What to work on → Output every entry exactly, without any pictures.

Brief descriptive captions:
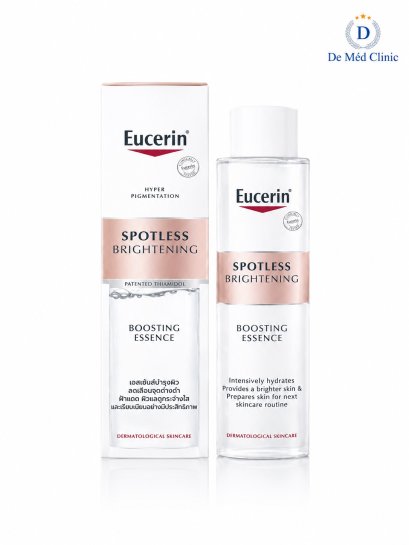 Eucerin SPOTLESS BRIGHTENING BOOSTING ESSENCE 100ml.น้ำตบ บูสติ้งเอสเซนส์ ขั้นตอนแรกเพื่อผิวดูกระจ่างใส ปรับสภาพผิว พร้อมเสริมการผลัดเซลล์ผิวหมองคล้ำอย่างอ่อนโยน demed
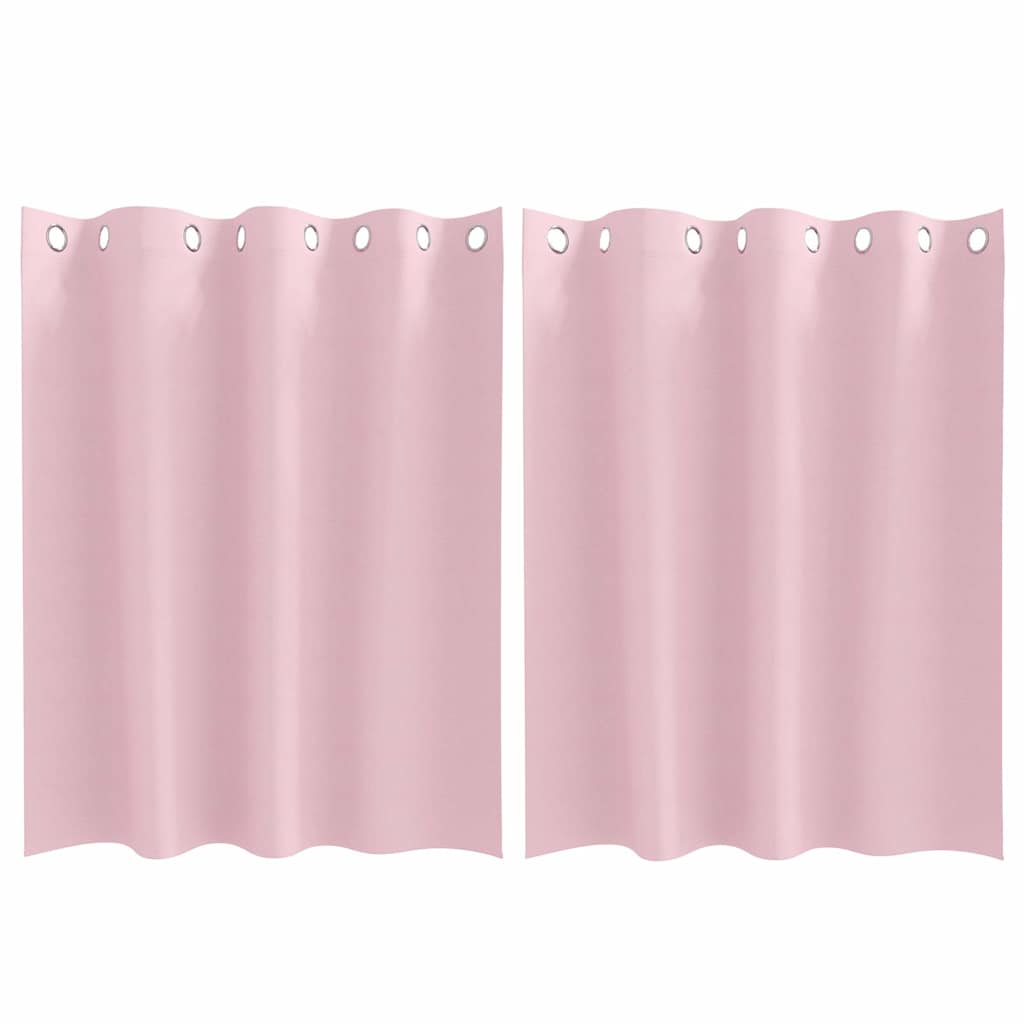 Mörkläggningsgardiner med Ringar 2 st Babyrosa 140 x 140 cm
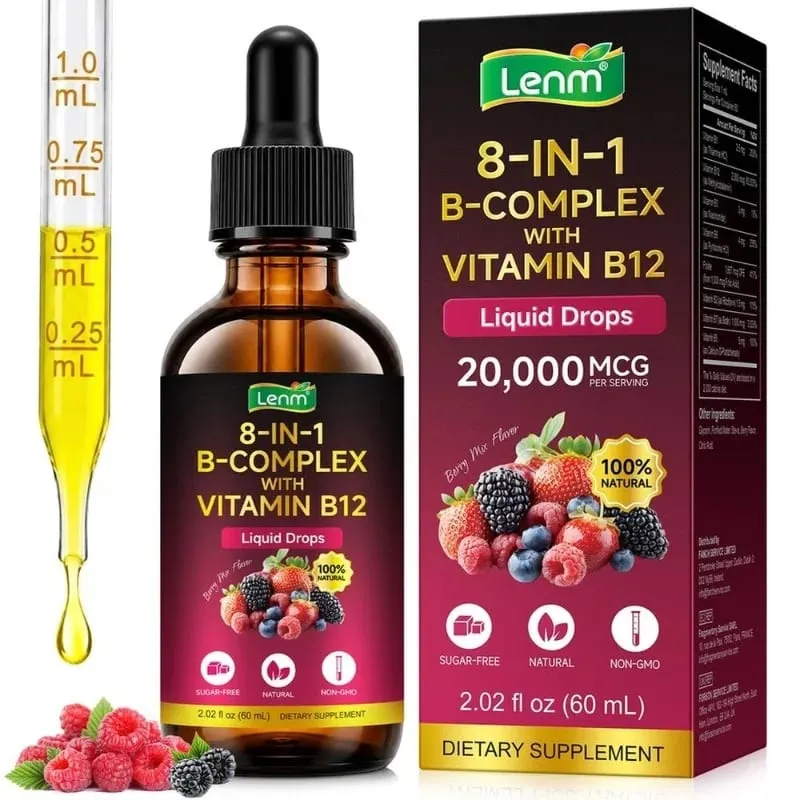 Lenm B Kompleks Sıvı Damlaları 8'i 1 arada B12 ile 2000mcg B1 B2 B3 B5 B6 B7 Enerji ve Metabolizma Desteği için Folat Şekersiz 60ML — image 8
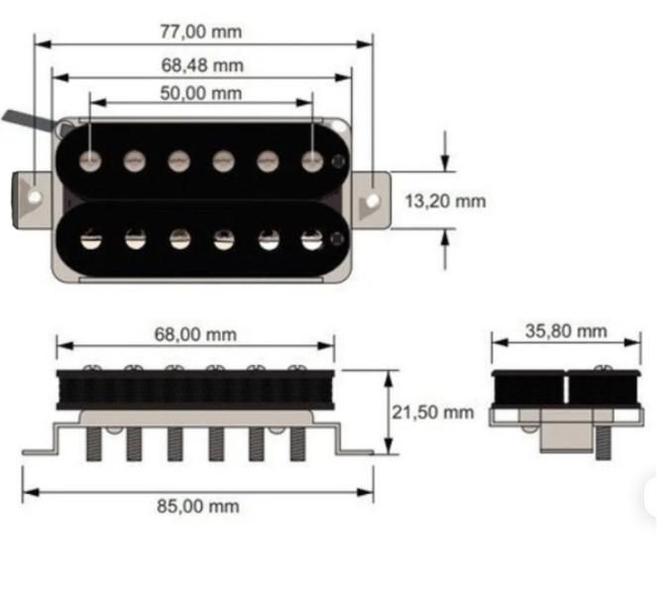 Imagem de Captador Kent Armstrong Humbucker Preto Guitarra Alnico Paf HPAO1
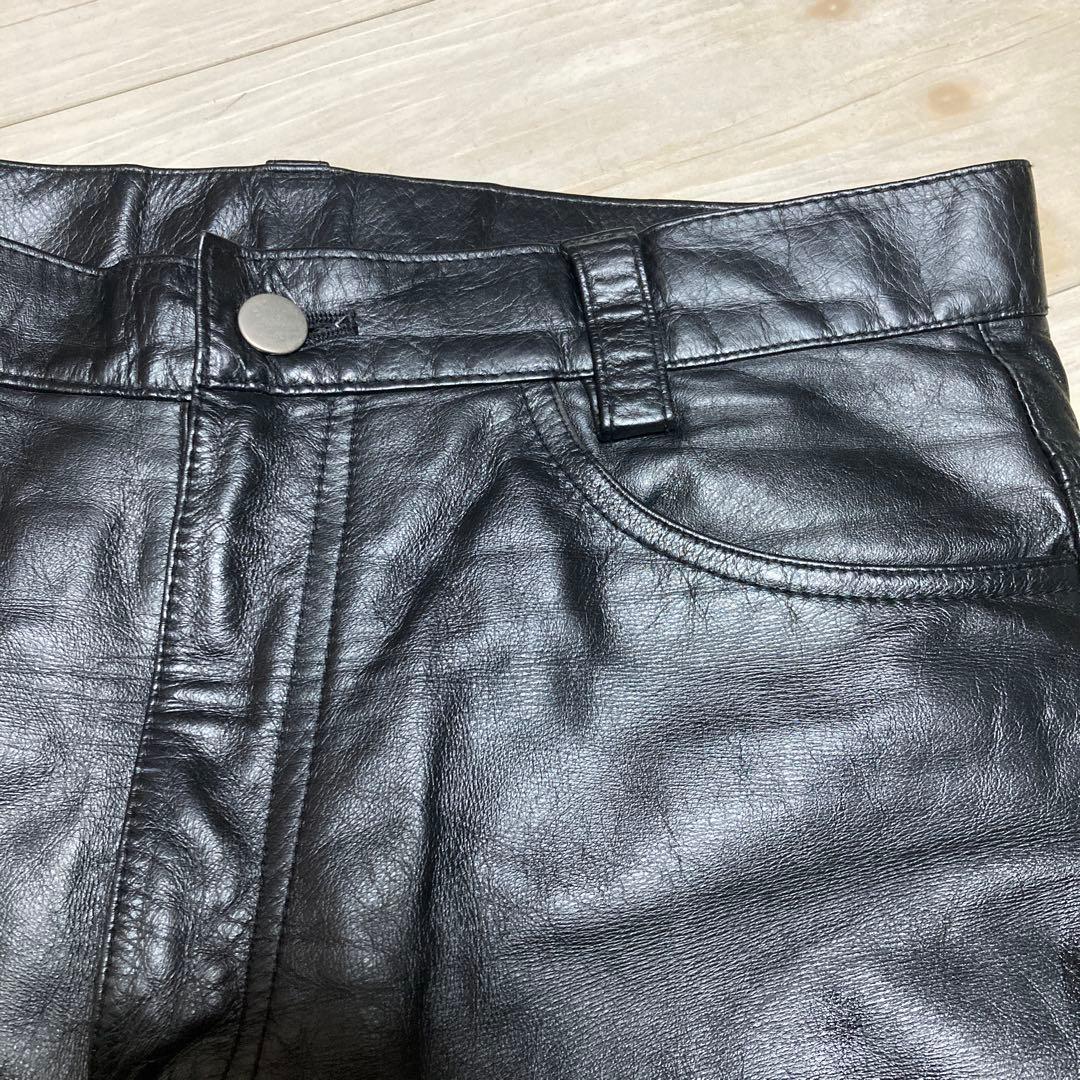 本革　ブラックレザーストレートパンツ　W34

Task output →
 Eucerin SPOTLESS BRIGHTENING BOOSTING ESSENCE 100ml.น้ำตบ บูสติ้งเอสเซนส์ ขั้นตอนแรกเพื่อผิวดูกระจ่างใส ปรับสภาพผิว พร้อมเสริมการผลัดเซลล์ผิวหมองคล้ำอย่างอ่อนโยน demed
 Mörkläggningsgardiner med Ringar 2 st Babyrosa 140 x 140 cm
 Lenm B Kompleks Sıvı Damlaları 8'i 1 arada B12 ile 2000mcg B1 B2 B3 B5 B6 B7 Enerji ve Metabolizma Desteği için Folat Şekersiz 60ML — image 8
 Imagem de Captador Kent Armstrong Humbucker Preto Guitarra Alnico Paf HPAO1
 本革　ブラックレザーストレートパンツ　W34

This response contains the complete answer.